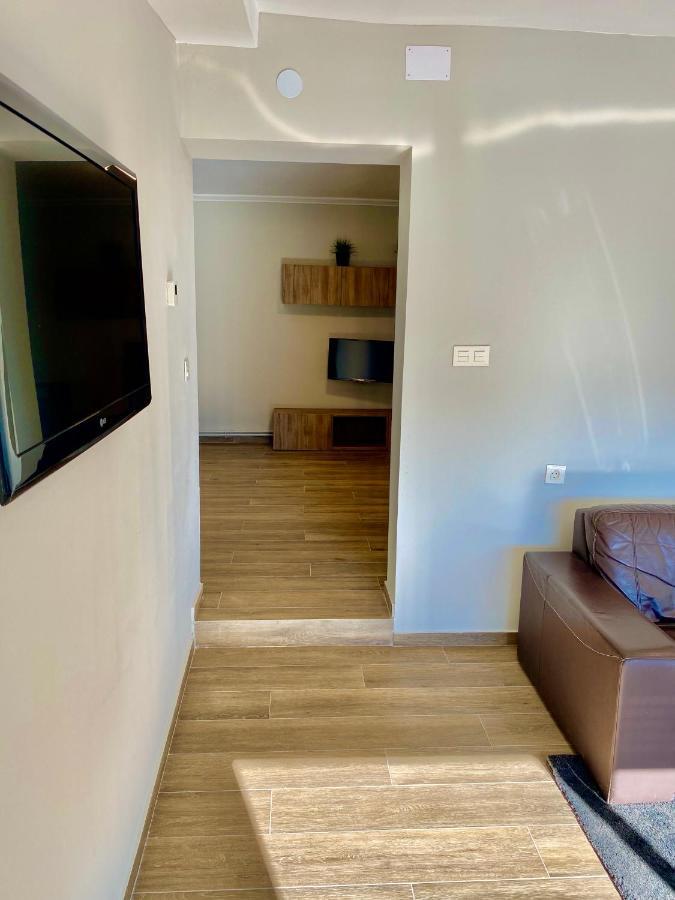 Chalet Medina del Campo entrepinares El Campillo  Esterno foto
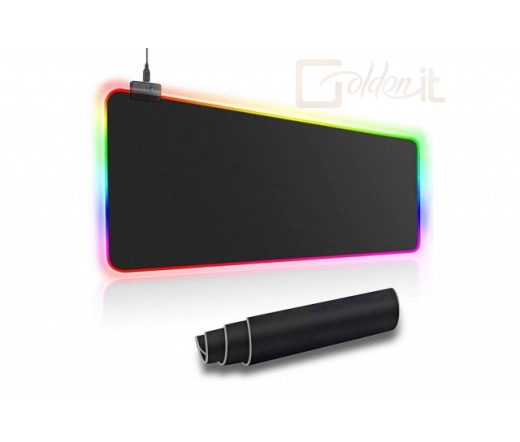 iMice PD-05 RGB egérpad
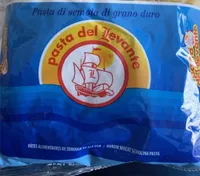 Pasta di semola di grano duro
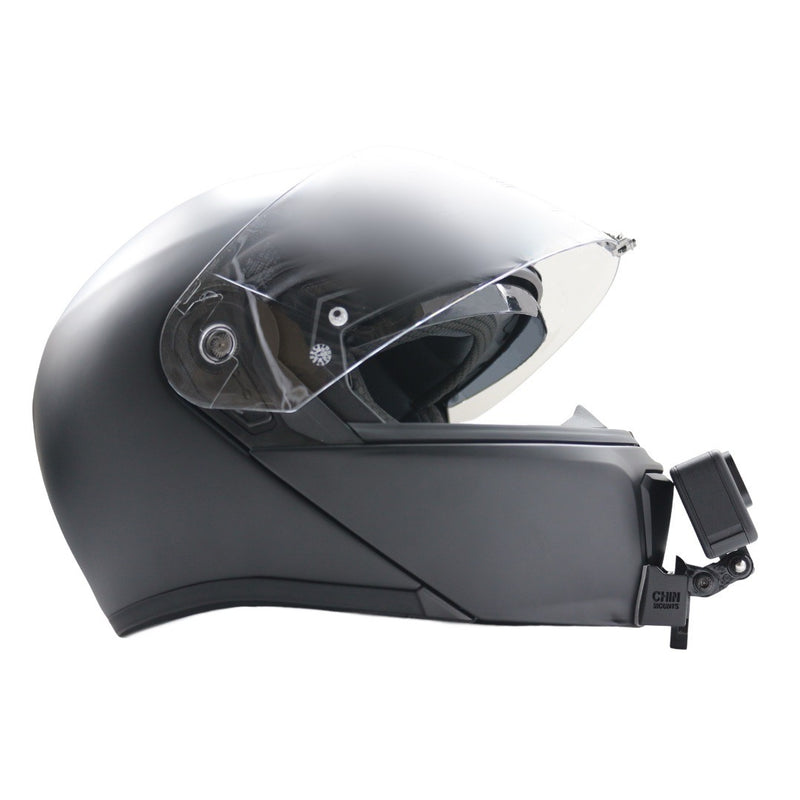 Chin Mount for Harley Davidson FXRG Sun Shield H29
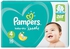 Pampers - Baby-Dry Diapers, Size 4, Maxi, 9-14 Kg, Carry Pack - 16 Pcs- Babystore.ae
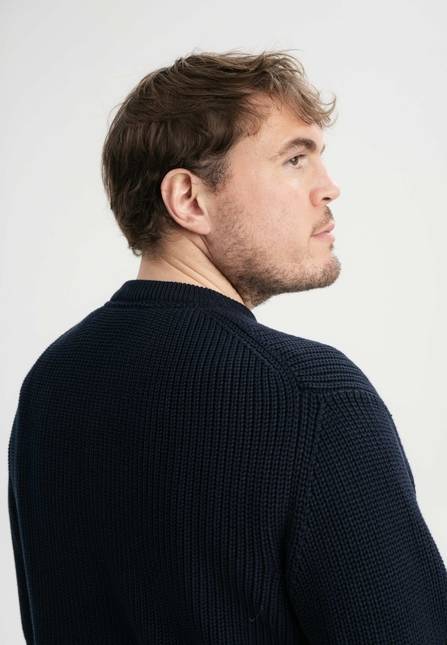 Melawear Strickpullover RAVI Blitzverkäufe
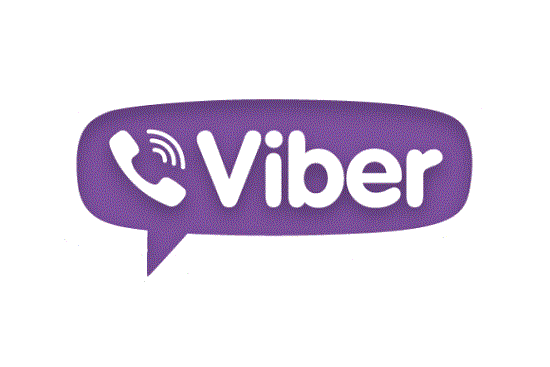 وایبر مسنجر برای اندروید - viber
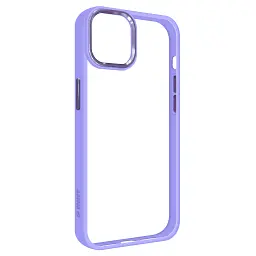 Чохол ArmorStandart UNIT2 для Apple iPhone 12 / 12 Pro Lavender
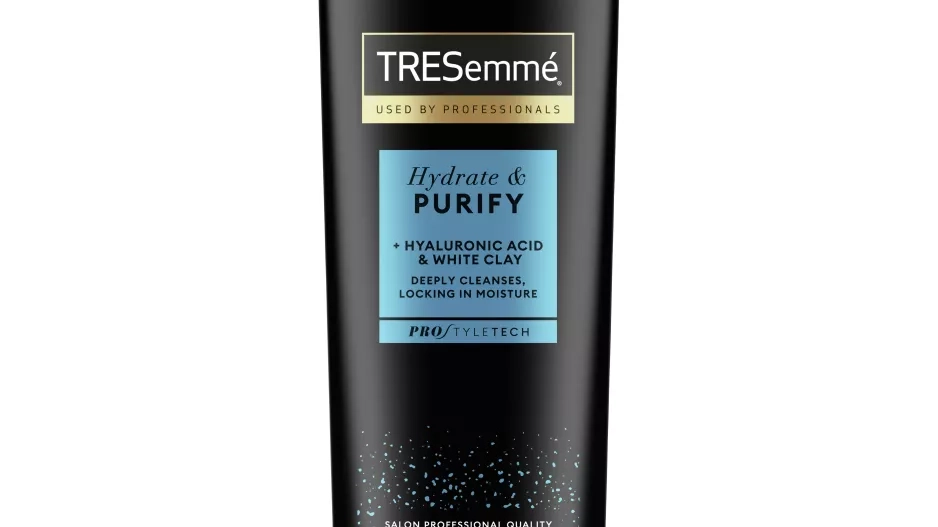 Očisťující šampon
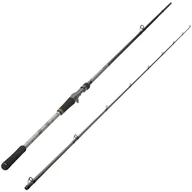 Wędki - Wędka castingowa CAPERLAN WXM-5 240 XH 40-90g - miniaturka - grafika 1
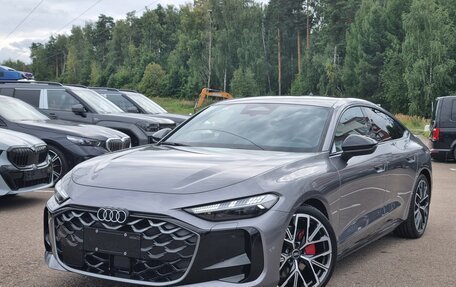 Audi A5, 2026 год, 6 290 000 рублей, 1 фотография
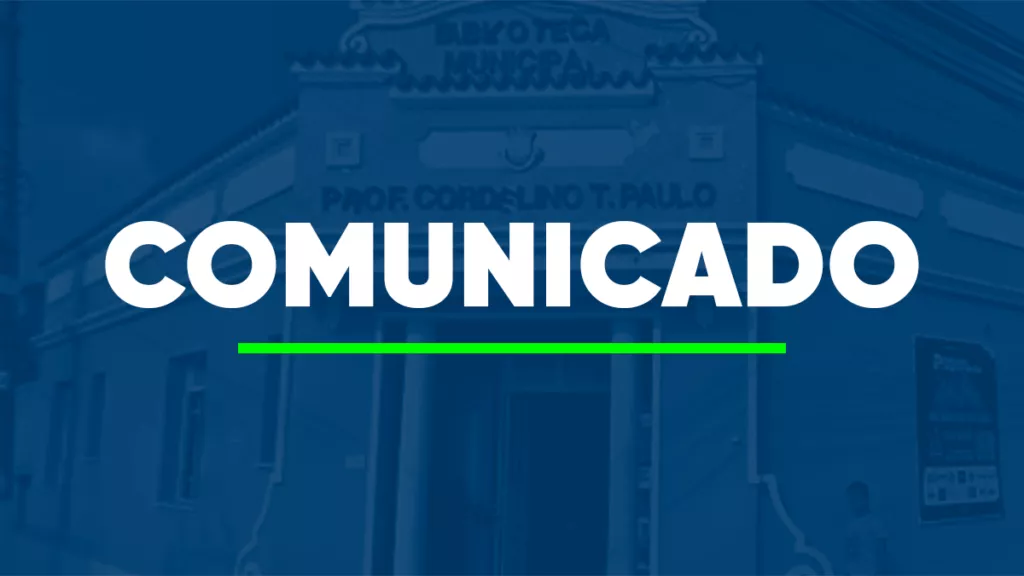 São Pedro da Aldeia credencia pareceristas para editais da PNAB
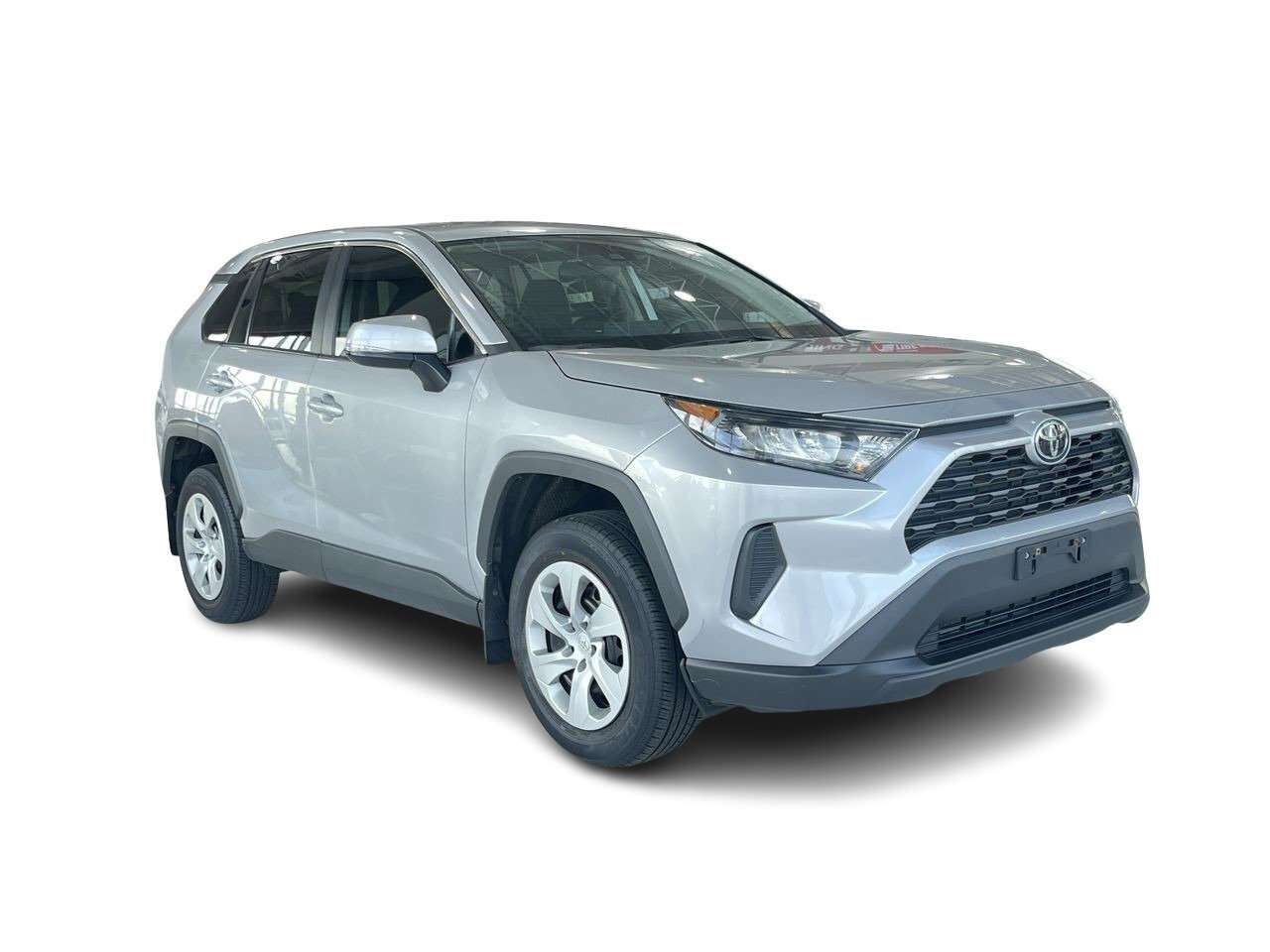 2022 Toyota RAV4 LE AWD (Heated Seats,Backup Cam,Carplay) Clean Car — снимка 1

◇ ◇ ◇

About this exercise => Transcribe every line from the one containing "Pampers - Baby-Dry" to the end of the listing, exactly and exclusively. Do not carry any picture over.

Answer for this exercise =>
 Pampers - Baby-Dry Diapers, Size 4, Maxi, 9-14 Kg, Carry Pack - 16 Pcs- Babystore.ae
 Melawear Strickpullover RAVI Blitzverkäufe
 وایبر مسنجر برای اندروید - viber
 Чохол ArmorStandart UNIT2 для Apple iPhone 12 / 12 Pro Lavender
 Očisťující šampon
 Wędki - Wędka castingowa CAPERLAN WXM-5 240 XH 40-90g - miniaturka - grafika 1
 Audi A5, 2026 год, 6 290 000 рублей, 1 фотография
 São Pedro da Aldeia credencia pareceristas para editais da PNAB
 2022 Toyota RAV4 LE AWD (Heated Seats,Backup Cam,Carplay) Clean Car — снимка 1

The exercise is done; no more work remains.